Want to sit in your pajamas, drink your coffee and mine some bitcoin from your bedroom? Well, you can.

Compass Mining, which sells bitcoin mining equipment and services, announced this week that it’s launching a direct-to-consumer mining service, allowing miners to set up shop in their own homes.

Cryptocurrency enthusiasts used to be able to mine bitcoin on their own laptops from their houses and apartments. But around 2012, mining machines burst onto the scene and the industry boomed. Large firms were able to mine with thousands of machines, leaving individual miners with high hardware costs and less of an opportunity to actually mine any bitcoin.

Now, Compass Mining says it’s “bringing bitcoin mining back to its roots” by allowing miners to buy a single application-specific integrated circuit (ASIC), which is the equipment used to mine bitcoin and other cryptocurrencies, instead of having to buy in bulk. Prices for individual machines start at $8,100.

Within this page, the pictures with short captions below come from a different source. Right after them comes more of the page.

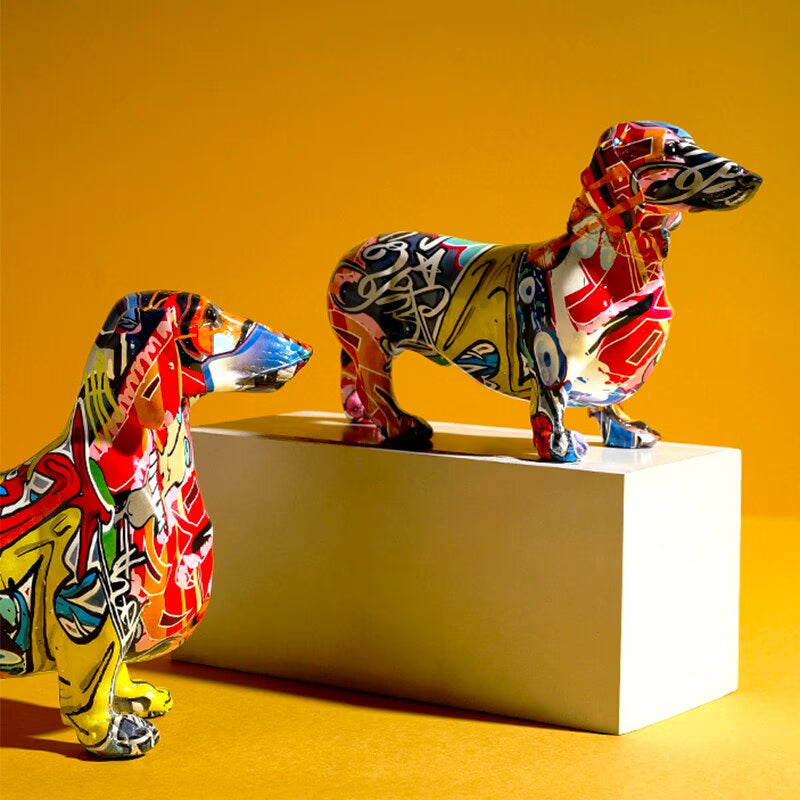 Painted Colorful Dachshund Dog Creative Home Modern Decoration Ornaments Living Room Wine Cabinet Office Decor Desktop Crafts acacuss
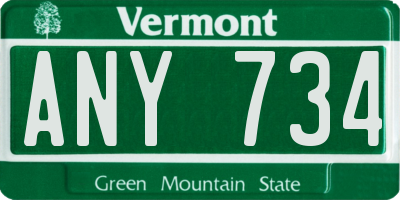 VT license plate ANY734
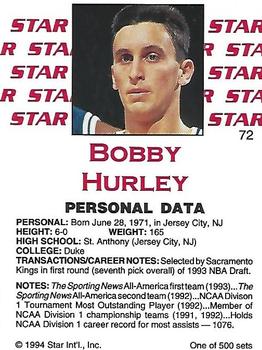 1994 Star Nova #72 Bobby Hurley Back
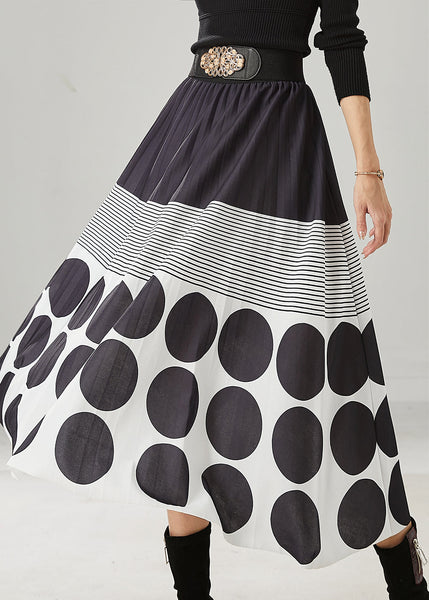 Women Black Print Cotton A Line Skirts Spring AZ1031 shopify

Sure, being able to create money at home might seem magical — Bitcoin is worth over $40,000 per coin right now, even after a recent decline. But mining for bitcoin doesn’t equate to snapping your fingers and getting bitcoin, and it certainly has risks.

What is bitcoin mining?

Bitcoin mining is how new bitcoins are created, and it involves solving a complicated math problem. Or, at least, your computer solving a complicated math problem.

Computers attempting to mine bitcoin run a program that is essentially a a trial-and-error algorithm, performing millions of calculations to solve the computational puzzle.

If you’re successful, you get what’s called a “block reward,” or a fixed number of new bitcoins (BTC). One block equals 6.25 BTC, but the rewards are halved after every 210,000 blocks, or about every 4 years. This was part of Bitcoin’s design to ensure that a maximum of only 21 million bitcoins are created (currently, there are nearly 19 million in circulation).